Another interesting depiction is the level of social class amongst slaves. When Django is riding along with Candie’s entourage he is a free man, a man who rides atop his horse while the slaves walk alongside. There is a huge disdain for Django from the slaves, and in order to stay in character Django is forced to look down on them as well. Then there is Samuel L. Jackson’s character, Stephen. Stephen is an elderly slave and the overseer of all of Candyland’s belongings, including both the land and the many souls who tend to it. The relationship between Calvin and Stephen is incredibly essential to the dynamic of the story. Stephen has been apart of Candyland since the beginning when Calvin’s father owned the property and has raised Calvin since birth. Stephen and Calvin have a father-son type relationship much like the bond that forms between Schultz and Django, but with one big difference…Stephen and Calvin love each other more than Schultz and Django do. This helps make the character of Stephen the darkest and most despicable villain in the film. Here is a man that stands above approach from the rest of the slaves on his plantation, a slave with power over every other slave and, in some ways, Calvin Candie as well. As Django points out in the film, there isn’t anything lower than a man in his position.

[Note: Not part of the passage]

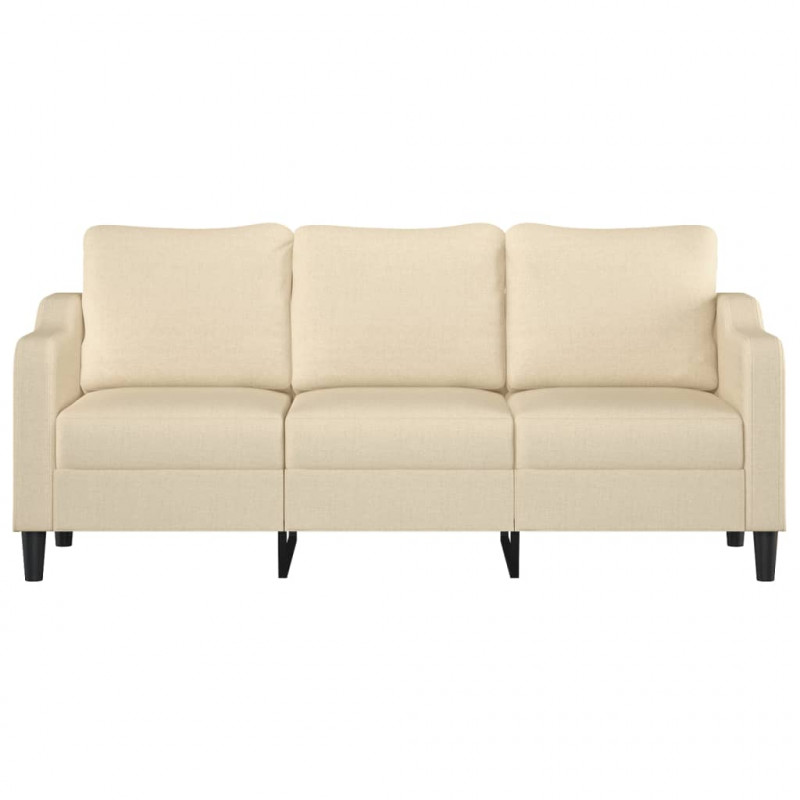 3-osobowa sofa, kremowa, 180 cm, tapicerowana tkaniną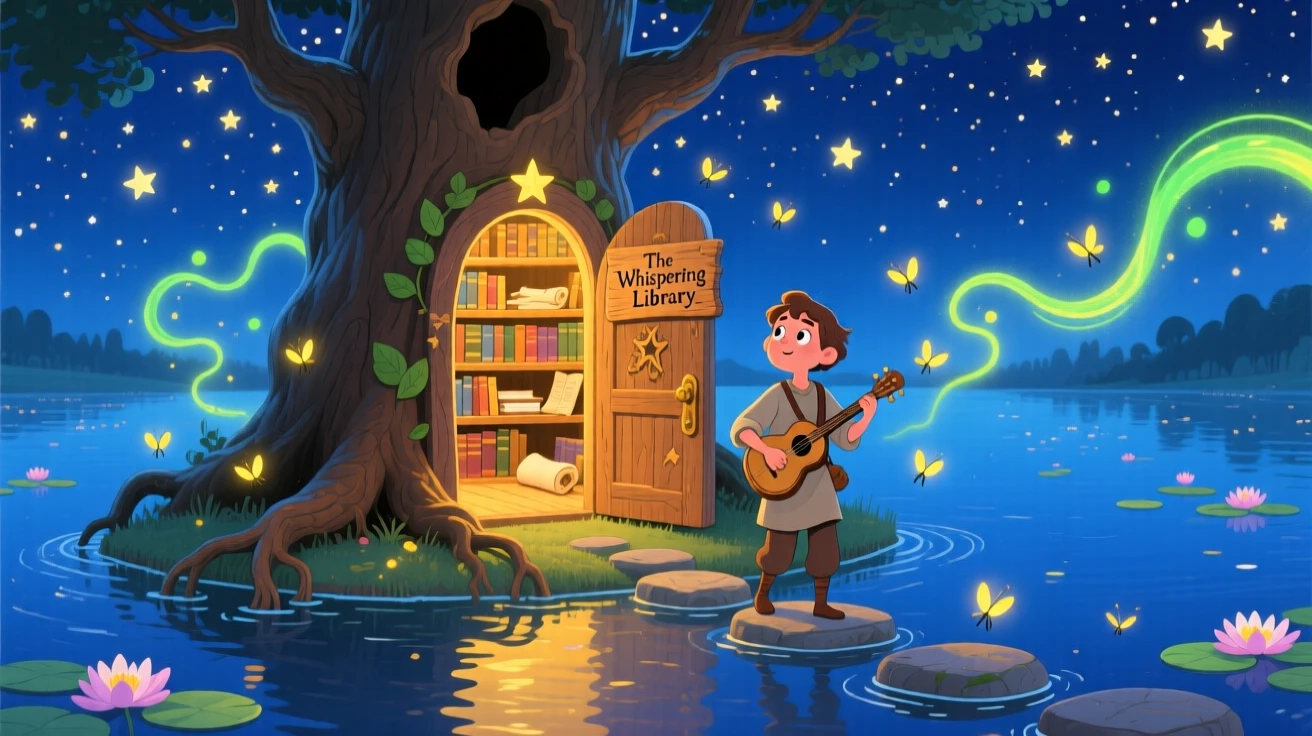 Deep within a starlit lake, a wandering bard spends the evening discovering a hidden library inside a giant oak, with fireflies weaving glowing trails.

And yet, despite all this subtle analysis of the Antebellum South, what Tarantino delivers is an all-out action packed and hysterically funny American western. Its extremely difficult for me to rank Tarantino’s films because they are each perfect in their own way. When viewing Kill Bill’s two parts together I felt that Tarantino couldn’t get any better. Then when Aldo Raine delivers the final line in Inglourious Basterds “this just might be my masterpiece” I couldn’t have agreed more. Now Tarantino achieves even more with Django Unchained and another masterpiece expands his perfect canon. I simply continue to name Pulp Fiction as my number 1 favorite simply because its the one that introduced me to the man himself and to the world of movies that I would soon become obsessed with.
Like Goodfellas, this is for me a “perfect” film. Its just great scene after great scene. “State your business or prepare to get winged”, “Can’t we just leave?”, “Treat him like you would Jerry”, “So it would be nice to see!”, “Its a German legend, there’s bound to be a mountain in there somewhere”, “We got us a fight goin’ on that’s a good bit of fun”, “I’m gonna walk in the moonlight with you”, “All the passions you inspire are completely justified”, “There have been a lotta lies told around this table tonight, but that you best believe”, “Tell Miss Laura goodbye”. Perfect is a movie I can relive moment-to-moment in my head at anytime.